Mit der spekulativen Behauptung, durch das Steckenbleiben des Messers im Tresen sei ein „gegenwärtiger Angriff auf Leib und Leben ausgeschlossen", entfernt sich die Rüge vom festgestellten Urteilssachverhalt (US 7) und verfehlt solcherart ihren gesetzlichen Bezugspunkt (Ratz WK-StPO § 281 Rz 581; RIS-Justiz RS0099810).
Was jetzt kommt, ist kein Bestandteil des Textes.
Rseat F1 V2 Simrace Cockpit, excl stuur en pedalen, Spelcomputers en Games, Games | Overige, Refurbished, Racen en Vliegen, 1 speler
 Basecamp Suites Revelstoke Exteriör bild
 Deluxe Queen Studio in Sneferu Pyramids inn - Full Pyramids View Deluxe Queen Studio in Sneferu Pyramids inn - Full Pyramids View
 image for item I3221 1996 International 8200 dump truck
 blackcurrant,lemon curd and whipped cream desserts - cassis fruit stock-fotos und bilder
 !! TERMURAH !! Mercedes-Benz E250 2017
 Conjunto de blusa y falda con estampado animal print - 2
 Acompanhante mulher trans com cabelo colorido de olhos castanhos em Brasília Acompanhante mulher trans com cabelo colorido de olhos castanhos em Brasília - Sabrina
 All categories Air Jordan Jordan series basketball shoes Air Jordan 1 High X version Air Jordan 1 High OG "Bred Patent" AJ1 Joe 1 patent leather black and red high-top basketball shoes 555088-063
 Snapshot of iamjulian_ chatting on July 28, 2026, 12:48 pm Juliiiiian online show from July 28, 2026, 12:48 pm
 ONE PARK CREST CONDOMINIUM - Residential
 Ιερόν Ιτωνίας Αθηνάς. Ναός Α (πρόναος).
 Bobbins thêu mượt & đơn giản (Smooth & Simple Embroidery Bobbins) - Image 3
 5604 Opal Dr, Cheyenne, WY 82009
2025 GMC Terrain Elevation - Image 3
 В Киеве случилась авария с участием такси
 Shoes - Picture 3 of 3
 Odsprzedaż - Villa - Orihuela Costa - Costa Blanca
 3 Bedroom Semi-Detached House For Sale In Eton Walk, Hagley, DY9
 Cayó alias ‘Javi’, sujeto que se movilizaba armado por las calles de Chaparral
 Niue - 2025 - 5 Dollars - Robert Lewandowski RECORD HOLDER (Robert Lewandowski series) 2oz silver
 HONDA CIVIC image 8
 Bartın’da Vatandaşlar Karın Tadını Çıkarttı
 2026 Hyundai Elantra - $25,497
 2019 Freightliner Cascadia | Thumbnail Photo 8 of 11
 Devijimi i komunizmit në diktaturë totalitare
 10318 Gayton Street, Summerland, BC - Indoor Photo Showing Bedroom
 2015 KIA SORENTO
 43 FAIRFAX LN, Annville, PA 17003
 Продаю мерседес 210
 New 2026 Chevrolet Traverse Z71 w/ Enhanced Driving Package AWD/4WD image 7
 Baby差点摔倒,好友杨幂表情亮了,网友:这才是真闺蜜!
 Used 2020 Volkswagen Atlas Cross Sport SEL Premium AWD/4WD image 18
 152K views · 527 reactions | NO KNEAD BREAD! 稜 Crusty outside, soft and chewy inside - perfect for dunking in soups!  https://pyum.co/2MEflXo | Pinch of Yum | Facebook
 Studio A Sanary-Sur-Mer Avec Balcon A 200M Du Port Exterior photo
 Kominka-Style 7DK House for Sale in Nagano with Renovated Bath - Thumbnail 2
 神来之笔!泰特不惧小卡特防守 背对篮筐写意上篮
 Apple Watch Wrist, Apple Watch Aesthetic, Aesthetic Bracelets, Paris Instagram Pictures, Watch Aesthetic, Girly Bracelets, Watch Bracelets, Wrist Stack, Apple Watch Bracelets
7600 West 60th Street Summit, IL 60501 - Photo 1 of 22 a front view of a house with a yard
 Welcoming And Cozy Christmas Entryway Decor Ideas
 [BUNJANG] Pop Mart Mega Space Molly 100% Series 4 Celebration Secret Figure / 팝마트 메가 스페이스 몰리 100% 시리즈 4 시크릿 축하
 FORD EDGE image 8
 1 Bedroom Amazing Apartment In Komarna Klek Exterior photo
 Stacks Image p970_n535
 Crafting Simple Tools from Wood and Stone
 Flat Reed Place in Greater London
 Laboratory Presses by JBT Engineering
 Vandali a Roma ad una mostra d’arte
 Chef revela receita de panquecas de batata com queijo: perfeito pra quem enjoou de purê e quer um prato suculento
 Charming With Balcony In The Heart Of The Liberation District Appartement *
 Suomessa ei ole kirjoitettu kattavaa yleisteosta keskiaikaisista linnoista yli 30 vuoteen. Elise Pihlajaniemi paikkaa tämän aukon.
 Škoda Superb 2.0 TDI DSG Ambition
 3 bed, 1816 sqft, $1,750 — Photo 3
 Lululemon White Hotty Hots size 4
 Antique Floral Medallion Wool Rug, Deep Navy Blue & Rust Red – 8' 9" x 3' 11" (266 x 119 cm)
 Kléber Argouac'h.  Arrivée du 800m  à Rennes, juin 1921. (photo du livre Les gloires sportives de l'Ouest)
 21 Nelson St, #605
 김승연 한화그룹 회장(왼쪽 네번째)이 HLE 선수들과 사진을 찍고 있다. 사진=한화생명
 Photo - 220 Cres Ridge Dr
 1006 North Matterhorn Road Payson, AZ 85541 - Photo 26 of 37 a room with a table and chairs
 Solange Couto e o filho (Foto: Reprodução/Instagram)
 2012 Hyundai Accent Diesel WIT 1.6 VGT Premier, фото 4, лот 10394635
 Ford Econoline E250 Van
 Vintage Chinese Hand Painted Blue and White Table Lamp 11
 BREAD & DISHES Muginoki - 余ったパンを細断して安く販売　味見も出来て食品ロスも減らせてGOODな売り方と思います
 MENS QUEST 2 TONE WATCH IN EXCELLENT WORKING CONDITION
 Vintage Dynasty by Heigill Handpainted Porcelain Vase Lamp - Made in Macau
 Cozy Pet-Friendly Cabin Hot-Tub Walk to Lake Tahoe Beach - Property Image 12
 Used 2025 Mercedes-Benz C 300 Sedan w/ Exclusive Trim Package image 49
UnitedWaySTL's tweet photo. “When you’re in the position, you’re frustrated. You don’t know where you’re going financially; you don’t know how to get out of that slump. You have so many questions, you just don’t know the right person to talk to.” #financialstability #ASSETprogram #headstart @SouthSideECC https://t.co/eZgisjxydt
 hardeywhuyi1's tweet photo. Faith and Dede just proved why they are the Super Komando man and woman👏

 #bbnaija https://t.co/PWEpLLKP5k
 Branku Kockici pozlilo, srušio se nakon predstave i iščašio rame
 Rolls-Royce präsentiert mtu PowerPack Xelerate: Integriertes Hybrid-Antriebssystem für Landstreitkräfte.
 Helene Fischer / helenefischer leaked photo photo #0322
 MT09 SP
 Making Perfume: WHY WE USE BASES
Dem abschließenden Beschwerdeeinwand zuwider wurde die Verwirklichung des Sachverhalts vom Oberlandesgericht Innsbruck als Einspruchsgericht nicht in Frage gestellt, sondern - auch unter Berücksichtigung des Umstands, dass „der Betroffene über die im Einweisungsantrag angeführte Äußerung hinaus ... eine konkrete Drohung nicht geäußert" habe - die Beantwortung der Sachverhaltsfrage dem erkennenden Gericht überlassen (S 184).
Im Hinblick auf die obigen Erwägungen zur Rechtsrüge des Angeklagten zeigte sich bereits bei nichtöffentlicher Beratung, dass die Anordnung einer neuen Hauptverhandlung nicht zu vermeiden ist (§ 285e StPO).